ERIK BAIS: Erik Bais, AZB Internet, and also Co‑Chair for Address Policy. One of the things that the NCC has in their procedures is that there is an option to dispute the transfer that's being done by one of the directors of the leaving organisation, so if your resources are hijacked, one way or the other, there is always an option to dispute that at the RIPE NCC, and there are policies for that in place and it will refer, if the claim is valid, they will refer back to the original state.
BRIAN NISBET: Cool. Thank you.
So I think that is that from the point of view of questions or comments. So, Tianxaing, thank you very much for your presentation this morning.
TIANXAING DAI: Thank you for the questions and the work. Thank you so much.
BRIAN NISBET: Thank you. So, that is ‑‑ I am just going to ‑‑ no, wait sorry, I wish to share pre‑load slides. Just go through this again.
So, in my own AOB, there is a piece I forgot which is, you know, of our own procedure. So I mentioned earlier Tobias is willing to do another term as Co‑Chair of the Working Group.
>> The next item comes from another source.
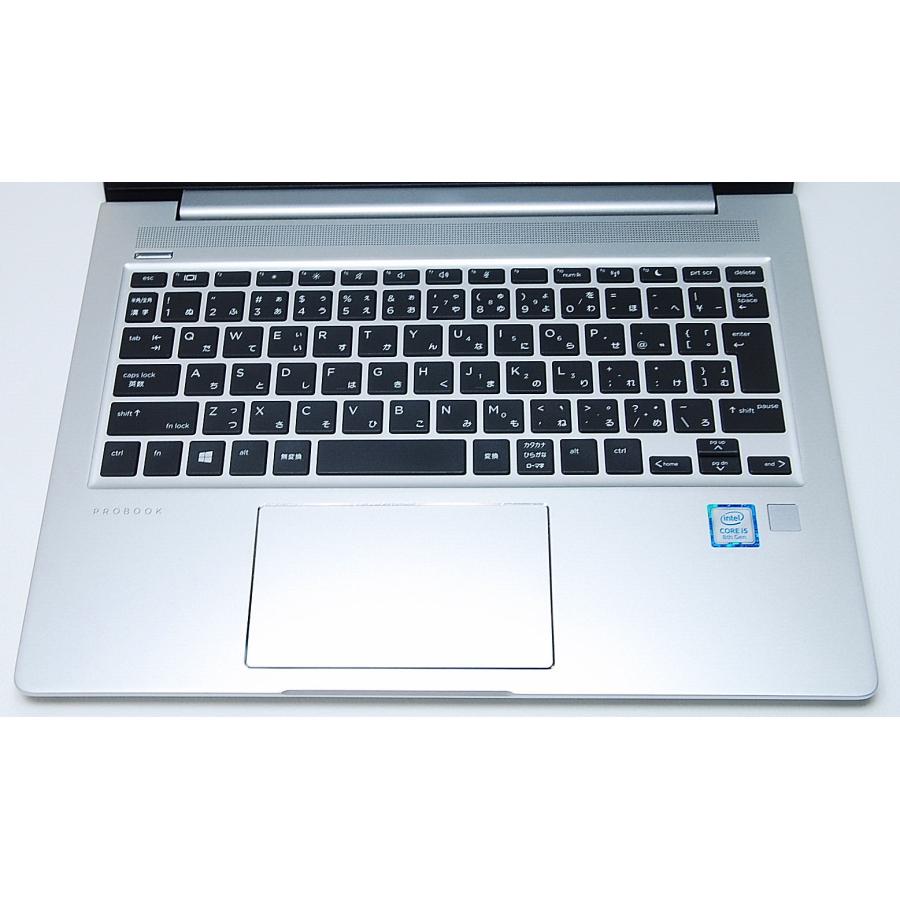 ProBook HP 430 G6 第8世代 Core i5 8265U 1.60GHz メモリ 16GB 新品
What I didn't do, rather vitally, was ask the Working Group if you're happy with that. Nobody objected, but it would be nice to get some sort of positive affirmation for him being reflected as a Working Group Chair. I am happy for this in chat or for people to say something, but it would be good to get something there. And that's a yeah from Remco, which is ‑‑ and apparently everybody loves Tobias. Indeed. And I ‑‑ you know, it's one of the things that Tobias and I talk about.
So, cool, okay, that is sufficient. That is enough affirmation of same. So, thank you for that.
Does anybody else have any other AOB? Not seeing anything. Then, this was definitely one of those anti‑abuse ‑‑ the fun of planning an Anti‑Abuse Working Group agenda is that you are never sure if something is going to take five minutes or half an hour. It is ‑‑ it's a fun time.
So, that is the end of our session. I will remind people about thinking about agenda items, be they work items, other things for RIPE 84, which, if the gods are kind to us, will be hybrid in Berlin, back to our hopefully improved hybrid RIPE meetings, and I very much look forward to standing in a room with full loads of booster shots and everything else with a number of you in Berlin in spring, May of next year, that would be wonderful. But, for now, I think that is the end of this session. So thank you so the participants, to the speakers, to the NCC staff, to our wonderful stenographers, and again, to all of you and we shall talk to you, hopefully, in Berlin and online, because hybrid is important at RIPE 84, so thank you all very much, enjoy your lunch and see some of you in SpatialChat.